• _Directions_: All of the listing must be given again exactly, except that the images are dropped.

• _Raw data_:
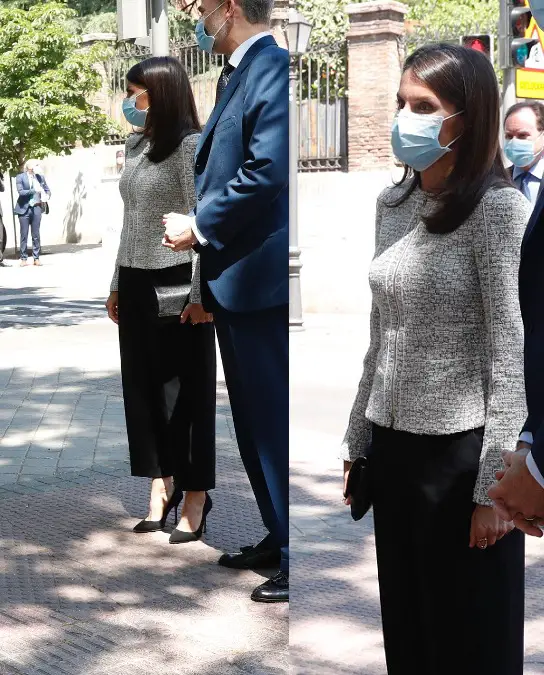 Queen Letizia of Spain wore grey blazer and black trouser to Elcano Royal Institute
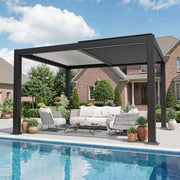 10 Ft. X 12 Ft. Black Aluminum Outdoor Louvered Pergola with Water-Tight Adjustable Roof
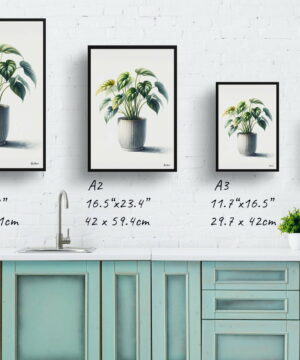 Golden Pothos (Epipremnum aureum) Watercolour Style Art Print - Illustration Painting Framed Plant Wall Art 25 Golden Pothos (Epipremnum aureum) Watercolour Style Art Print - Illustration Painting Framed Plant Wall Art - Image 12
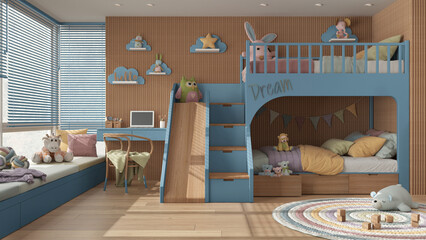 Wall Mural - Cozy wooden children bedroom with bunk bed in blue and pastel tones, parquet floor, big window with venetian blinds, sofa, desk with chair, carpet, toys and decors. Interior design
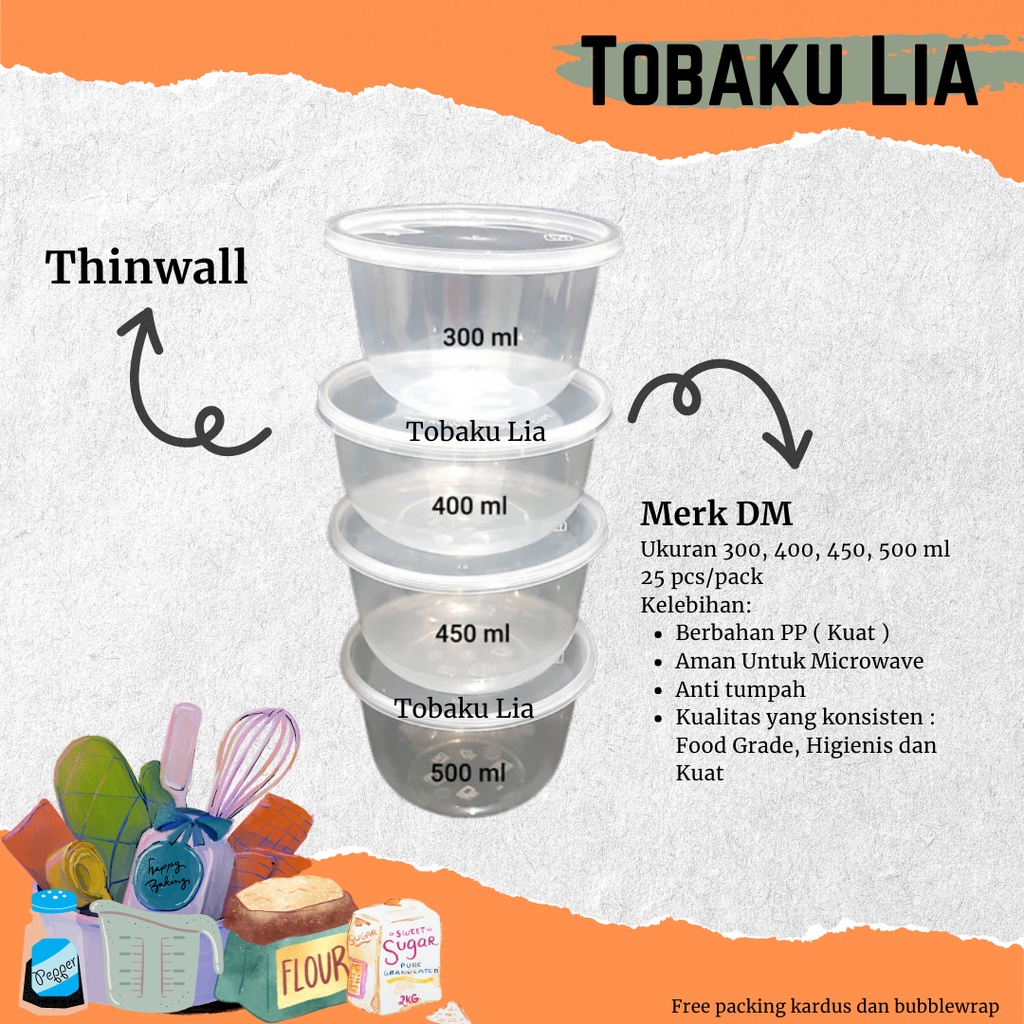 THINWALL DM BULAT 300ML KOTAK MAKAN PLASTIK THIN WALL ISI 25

• _The answer_:
 Queen Letizia of Spain wore grey blazer and black trouser to Elcano Royal Institute
 10 Ft. X 12 Ft. Black Aluminum Outdoor Louvered Pergola with Water-Tight Adjustable Roof
 Golden Pothos (Epipremnum aureum) Watercolour Style Art Print - Illustration Painting Framed Plant Wall Art 25 Golden Pothos (Epipremnum aureum) Watercolour Style Art Print - Illustration Painting Framed Plant Wall Art - Image 12
 Wall Mural - Cozy wooden children bedroom with bunk bed in blue and pastel tones, parquet floor, big window with venetian blinds, sofa, desk with chair, carpet, toys and decors. Interior design
 THINWALL DM BULAT 300ML KOTAK MAKAN PLASTIK THIN WALL ISI 25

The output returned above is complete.